WHAT IS EXPECTED: What is needed is an exact copy of all the records, written out in full.
——————————
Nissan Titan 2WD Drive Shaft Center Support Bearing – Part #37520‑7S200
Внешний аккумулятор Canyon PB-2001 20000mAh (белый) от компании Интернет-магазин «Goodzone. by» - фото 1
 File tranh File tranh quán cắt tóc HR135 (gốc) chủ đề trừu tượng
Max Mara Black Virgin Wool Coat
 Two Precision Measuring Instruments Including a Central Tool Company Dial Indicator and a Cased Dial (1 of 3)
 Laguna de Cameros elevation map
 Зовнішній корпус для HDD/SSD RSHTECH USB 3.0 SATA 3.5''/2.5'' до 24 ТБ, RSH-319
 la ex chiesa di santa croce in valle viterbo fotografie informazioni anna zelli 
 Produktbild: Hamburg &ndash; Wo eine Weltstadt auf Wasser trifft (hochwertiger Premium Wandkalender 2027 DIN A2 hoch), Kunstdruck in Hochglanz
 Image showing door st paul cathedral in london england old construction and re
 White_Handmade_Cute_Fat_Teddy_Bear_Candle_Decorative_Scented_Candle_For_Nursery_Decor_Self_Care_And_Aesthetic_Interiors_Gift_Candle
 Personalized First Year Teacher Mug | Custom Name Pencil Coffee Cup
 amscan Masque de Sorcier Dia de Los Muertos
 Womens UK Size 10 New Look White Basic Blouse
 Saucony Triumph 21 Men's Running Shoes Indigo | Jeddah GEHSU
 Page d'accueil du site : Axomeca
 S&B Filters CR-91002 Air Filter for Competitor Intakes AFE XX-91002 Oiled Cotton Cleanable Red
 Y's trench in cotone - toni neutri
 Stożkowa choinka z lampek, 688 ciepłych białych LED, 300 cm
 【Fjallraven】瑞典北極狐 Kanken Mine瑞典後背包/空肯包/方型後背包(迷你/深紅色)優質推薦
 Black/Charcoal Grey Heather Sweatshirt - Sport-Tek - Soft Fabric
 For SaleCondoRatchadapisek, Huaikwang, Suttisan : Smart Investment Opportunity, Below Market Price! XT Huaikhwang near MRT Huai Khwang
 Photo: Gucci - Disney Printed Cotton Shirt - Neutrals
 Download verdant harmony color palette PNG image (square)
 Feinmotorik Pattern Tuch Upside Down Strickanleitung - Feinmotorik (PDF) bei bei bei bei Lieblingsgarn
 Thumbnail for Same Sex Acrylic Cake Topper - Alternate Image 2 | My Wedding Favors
——————————
SOLUTION BELOW:
Nissan Titan 2WD Drive Shaft Center Support Bearing – Part #37520‑7S200
Внешний аккумулятор Canyon PB-2001 20000mAh (белый) от компании Интернет-магазин «Goodzone. by» - фото 1
 File tranh File tranh quán cắt tóc HR135 (gốc) chủ đề trừu tượng
Max Mara Black Virgin Wool Coat
 Two Precision Measuring Instruments Including a Central Tool Company Dial Indicator and a Cased Dial (1 of 3)
 Laguna de Cameros elevation map
 Зовнішній корпус для HDD/SSD RSHTECH USB 3.0 SATA 3.5''/2.5'' до 24 ТБ, RSH-319
 la ex chiesa di santa croce in valle viterbo fotografie informazioni anna zelli 
 Produktbild: Hamburg &ndash; Wo eine Weltstadt auf Wasser trifft (hochwertiger Premium Wandkalender 2027 DIN A2 hoch), Kunstdruck in Hochglanz
 Image showing door st paul cathedral in london england old construction and re
 White_Handmade_Cute_Fat_Teddy_Bear_Candle_Decorative_Scented_Candle_For_Nursery_Decor_Self_Care_And_Aesthetic_Interiors_Gift_Candle
 Personalized First Year Teacher Mug | Custom Name Pencil Coffee Cup
 amscan Masque de Sorcier Dia de Los Muertos
 Womens UK Size 10 New Look White Basic Blouse
 Saucony Triumph 21 Men's Running Shoes Indigo | Jeddah GEHSU
 Page d'accueil du site : Axomeca
 S&B Filters CR-91002 Air Filter for Competitor Intakes AFE XX-91002 Oiled Cotton Cleanable Red
 Y's trench in cotone - toni neutri
 Stożkowa choinka z lampek, 688 ciepłych białych LED, 300 cm
 【Fjallraven】瑞典北極狐 Kanken Mine瑞典後背包/空肯包/方型後背包(迷你/深紅色)優質推薦
 Black/Charcoal Grey Heather Sweatshirt - Sport-Tek - Soft Fabric
 For SaleCondoRatchadapisek, Huaikwang, Suttisan : Smart Investment Opportunity, Below Market Price! XT Huaikhwang near MRT Huai Khwang
 Photo: Gucci - Disney Printed Cotton Shirt - Neutrals
 Download verdant harmony color palette PNG image (square)
 Feinmotorik Pattern Tuch Upside Down Strickanleitung - Feinmotorik (PDF) bei bei bei bei Lieblingsgarn
 Thumbnail for Same Sex Acrylic Cake Topper - Alternate Image 2 | My Wedding Favors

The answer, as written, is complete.